Erst rappen, dann reden // Al Pone Interview

Graue Tage, genauso trübe Gedanken, traurige Interludes auf Endlosschleife, das Leben so hart wie 3-Wochen-altes Brot. Für Al Pone genau die Zeit, auf die er gewartet hat – um sein Debüt-Album in der Mood fertig zu machen, in der er es begonnen hat. Auf “Benjamin” wagt er den Schritt in die ungeschönte Ehrlichkeit über Sucht und Realitätsflucht.

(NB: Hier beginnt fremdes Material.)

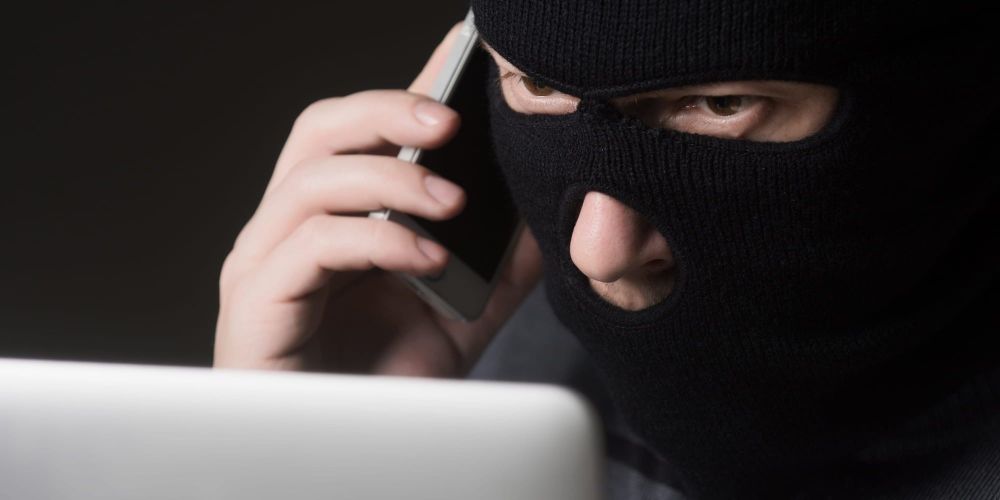 В Бишкеке задержаны пятеро по делу о телефонном мошенничестве на 5.2 млн сомов изображение публикации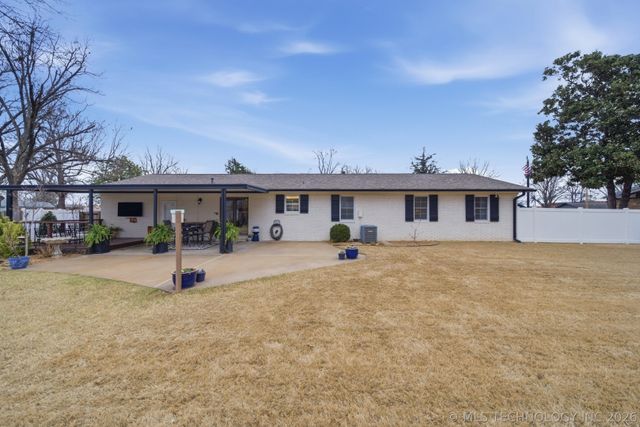 508 N Juniper Street, Jenks, OK 74037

Was zunächst als persönliches Projekt begann, hat sich über zweieinhalb Jahre in ein Album verwandelt, das sich im flackernden Neonlicht verschwitzter Clubs genauso wohlfühlt wie in der schonungslosen Selbstreflexion. Nach seinen EPs „Balkanski“ und „Jebiga“ zeigt der Grazer Rapper mit Balkan-Blueprint damit auch, dass er sich musikalisch neu erfinden kann.

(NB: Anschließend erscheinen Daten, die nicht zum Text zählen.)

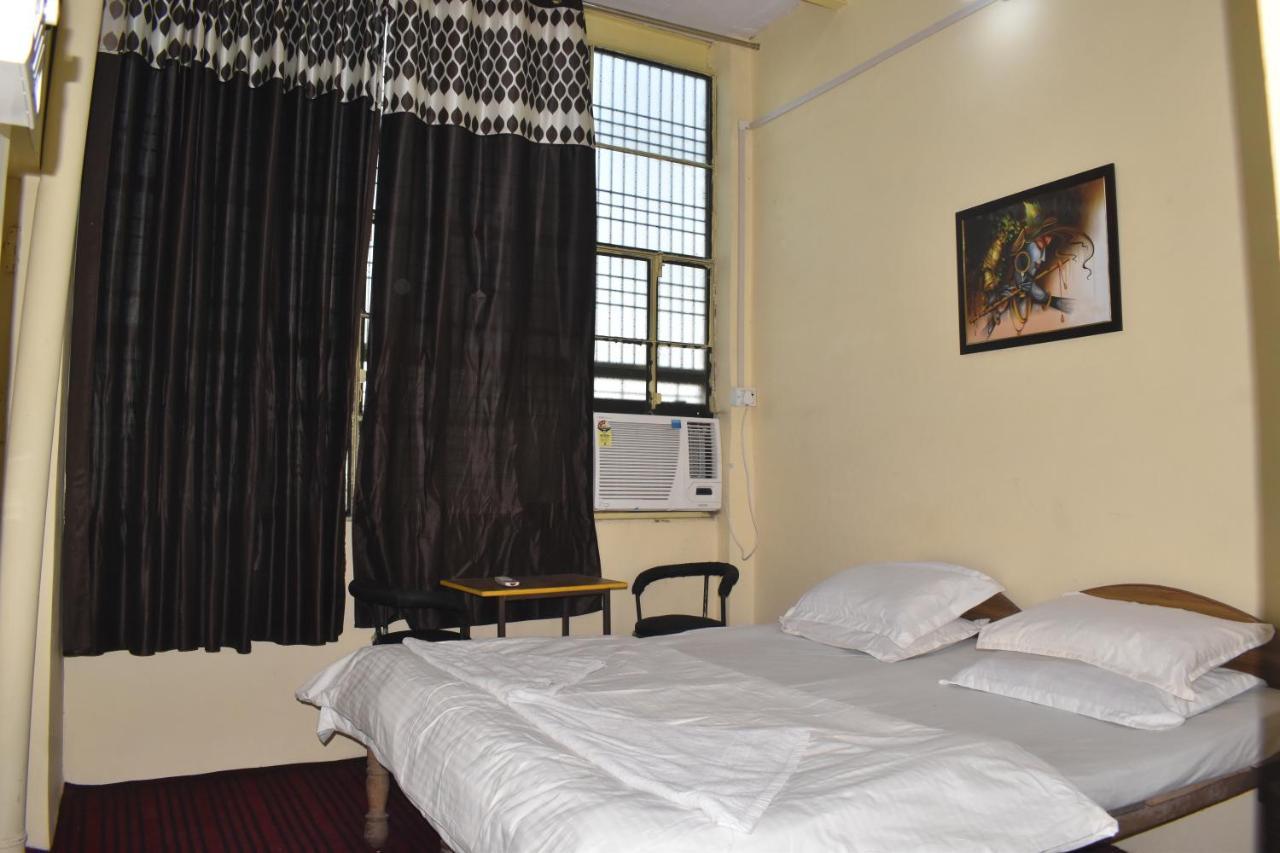 Om Rest House Hotel Varanasi Exterior photo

The Message: Auf deinem Album geht es viel um persönliche Issues, gleichzeitig ist es sehr nah dran an Rausch und Konsum. Sind das Themen, die dich persönlich schon länger begleiten oder ist es eine Kunstfigur, die da aus dir spricht?
Al Pone: Nein, das ist definitiv ein reales Thema. Ich gebe auch offen und ehrlich zu, ich habe ein Suchtproblem. Ich gehe zur Therapie und weiß, dass mein Konsumverhalten auf meiner Vergangenheit basiert. Ich weiß, woher das kommt. Es ist definitiv real, da ist nichts glorifizierend. Ganz im Gegenteil, ich habe eher versucht hervorzuheben, dass es nicht nur cool ist, zu konsumieren.

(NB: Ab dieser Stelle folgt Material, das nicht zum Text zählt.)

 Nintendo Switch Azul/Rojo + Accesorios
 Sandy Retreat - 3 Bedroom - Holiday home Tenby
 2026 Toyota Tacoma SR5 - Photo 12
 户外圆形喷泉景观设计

Es gibt ja auch die andere Seite der Medaille.
Natürlich. Ich sage mal so, wenn du in dem Ding drinnen bist, weißt du, dass du scheiße machst. Aber du willst es dann oft besser aussehen lassen, als es eigentlich ist. So war das zum Beispiel bei “Tussastop”, die EP, die ich mit Spello gemeinsam gemacht habe. Was wir da gerappt haben, das würde ich heute nie wieder sagen. Die Texte haben wir aber vor über 10 Jahren geschrieben. Es passiert einfach immer wieder mal, dass man Sachen besser dastehen lässt, als sie eigentlich sind – was jetzt nicht unbedingt gut ist – ich denke dennoch, es ist irgendwo eine Verarbeitungsstrategie des Ganzen.

Foto von Elena Laaha

In welchem Zeitraum ist das Album entstanden?
In den letzten zweieinhalb Jahren. Nach der „Balkanski“-EP habe ich als allererstes „Jebiga“ aufgenommen. Dann ist Winter geworden und mir ist es ziemlich Arsch gegangen. Ab da habe ich einfach nur mehr deepe Sachen gemacht. Im Frühling darauf wollte ich das dann als EP releasen. Mir war dann aber bewusst, dass es schon zu spät war – die Leute wollen im Sommer keine deepen Tracks hören. Von meinem Umfeld ist dann die Idee gekommen, daraus ein Album zu machen. Ich habe die Tracks also beiseite gelegt und an „Jebiga“ gearbeitet. Und so ist es in einem Zeitraum von knapp zwei Jahren entstanden, wo aber extrem viel Pause zwischen den Tracks war.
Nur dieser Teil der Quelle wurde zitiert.